Before I was going to make the homemade alfredo sauce, I was really torn to make a sage and brown butter sauce (one my kids totally love), but to me that is a bit seasonal and I had no sage growing as it is winter in Wisconsin. That’s when I knew my kids would love a creamy and cheesy alfredo sauce. They devoured this pasta.
Let’s get started.
1 batch of gnocchi (make your own, or try store bought)
5 tbsp unsalted butter
2 cloves of garlic, minced
1 1/2 tbsp all purpose flour
1 cup heavy cream
1 1/2 cup of milk
3/4 cup of grated Parmesan cheese
1 tsp salt, to taste
1 tsp cracked black pepper, to taste
Now the gnocchi we tried was from Costco. It was from Maffei, and something we have never tried before. You can try any brand if you want and it is typically found nowadays in your frozen section, or refrigerated pasta section at your grocery store. Again, if you don’t want to go that route, make your own. It’s not difficult, and in all honesty the texture is better when done homemade.
Start by bringing a large pot of water to a boil. This will take a handful of minutes, so make your alfredo sauce as this is happening.
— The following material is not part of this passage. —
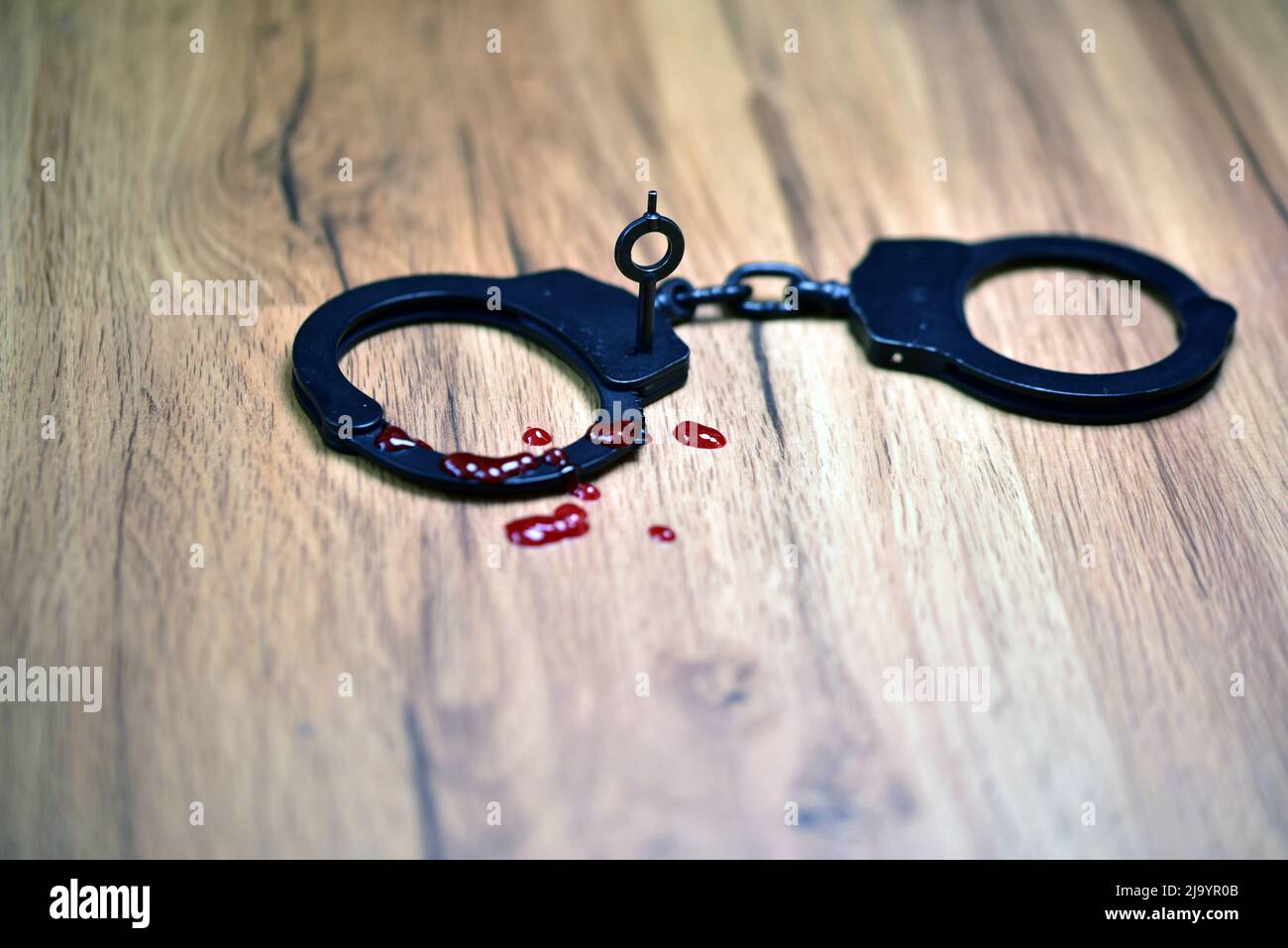 black metal handcuffs with blood Stock Photo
Grab a good spoonful of course salt and add it to your water as well.
Let’s make the sauce.
To another sauce pan, bring it to medium heat and add in your butter. Let that begin to melt, then toss in your garlic. Let that cook a minute or so and once the butter is melted and slightly bubbling, stir in the flour. Mix well so that it forms a nice paste. Cook this for another minute or two but be careful not to overcook the flour. You want a light blonde, if that, for this sauce. Remember, it’s alfredo sauce.
Add in the cream, and milk, and continue to whisk until the flour breaks up, and begins to thicken. Once that sauce begins to thicken, add in the parmesan cheese, salt, and pepper, and continue to whisk. Lower the heat, and stir occasionally while you add your gnocchi to your boiling, salted water.
This particular gnocchi took about 1 1/2 minutes to cook. Once these babies were floating, I removed with a slotted kitchen spider, let the drain, and added them directly to the alfredo sauce. Once all added, stir them gently into the sauce, and serve family style.
My family devoured this stuff. Creamy, cheesy, garlicky. It was right up everyone’s alley. The store bought gnocchi? Uh, not a big fan but something that was quick to make during a busy work night. The sauce. Make the sauce. Enjoy.